Madam President, the Majority and Minority Leaders, and Members of the Minnesota Senate. Mr. Speaker, the Majority and Minority Leaders, and Members of the Minnesota House of Representatives. Madam Chief Justice and the Distinguished Members of the Minnesota Supreme Court and the Court of Appeals. My fellow Constitutional Officers. And my fellow Minnesotans.
Some people have suggested I conclude my speech now, to make certain I can walk out by myself. However, this is my final State of the State address, and there is more I want to say. So, cross your fingers, Hugo, here we go!
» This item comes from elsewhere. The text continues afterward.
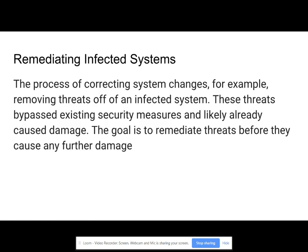Remediating infected systems is the process of correcting system changes, for example removing threats off an infected system. These threats bypassed existing security measures and likely already caused damage. The goal is to remediate threats before they cause any further damage.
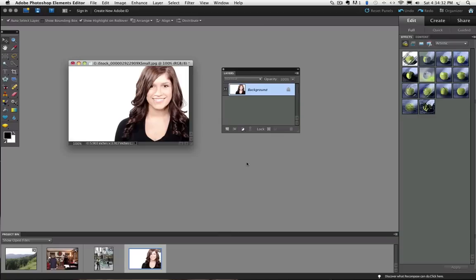Hi, this is Rick from EssentialPhotoshopElements.com. In this video we are going to see how the Magic Eraser tool works.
As I prepare to leave office, I want to thank the people of Minnesota, who twice voted for me to serve as their Governor. And thank the Legislators, supporters, and allies, who helped us succeed. To my fabulous staff, fantastic commissioners, and other key appointees, you have my eternal gratitude. You deserve so much of the credit for our administration’s successes. Your dedication has been extraordinary; your wisdom exceptional; and your resilience remarkable.
I want to thank my family, who have counseled me wisely, supported me steadfastly, and endured me patiently: my sensational sons, Eric and Andrew; daughter-in-law, Cory; grandsons, Hugo and George; my former wife and dear friend, Alida Messinger; my father, siblings and spouses, uncles, aunts, and cousins. Without you, I would not be here today.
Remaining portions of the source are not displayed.